> [What to produce]: Transcription, pictures excluded: write out the data below exactly.

> [Supplied data]:
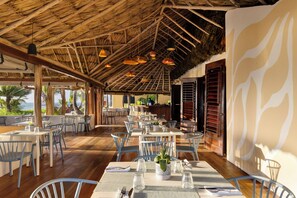 2 restaurantes; se sirven comidas y cenas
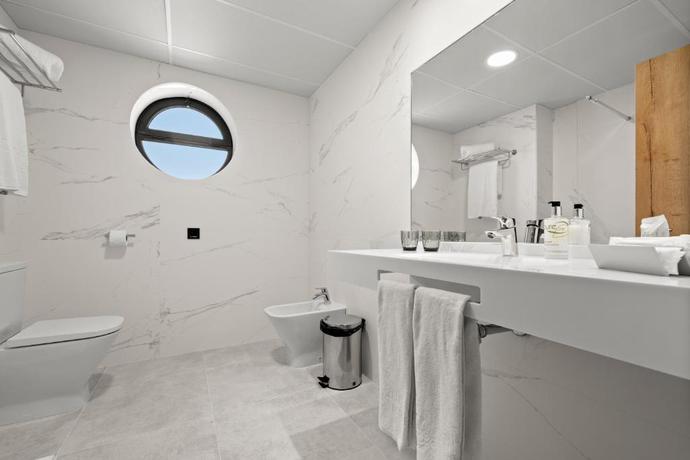 Imagen de la habitación del Hotel Zentral Gij&oacute;n Rey Pelayo. Foto 14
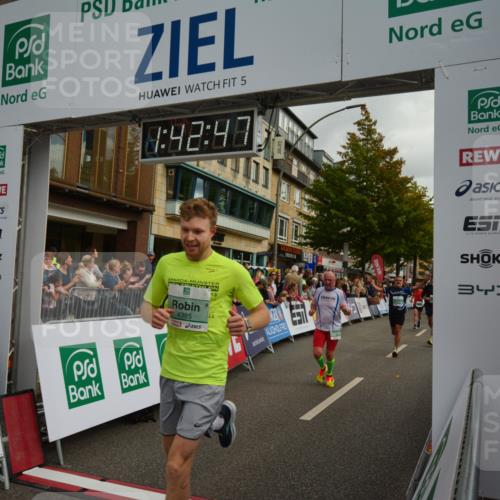 20.09.2026 - PSD Bank Halbmarathon LAZAROV Photography http://msf.ph/oto/10550536 20.09.2026 11:42:46 Ziel 1258, 1888, 2241, 3892, 4008, 4251, 4294, 4385, 4541, 4634, 4760 meine-sportfotos.de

> [Written answer]:
 2 restaurantes; se sirven comidas y cenas
 Imagen de la habitación del Hotel Zentral Gij&oacute;n Rey Pelayo. Foto 14
 20.09.2026 - PSD Bank Halbmarathon LAZAROV Photography http://msf.ph/oto/10550536 20.09.2026 11:42:46 Ziel 1258, 1888, 2241, 3892, 4008, 4251, 4294, 4385, 4541, 4634, 4760 meine-sportfotos.de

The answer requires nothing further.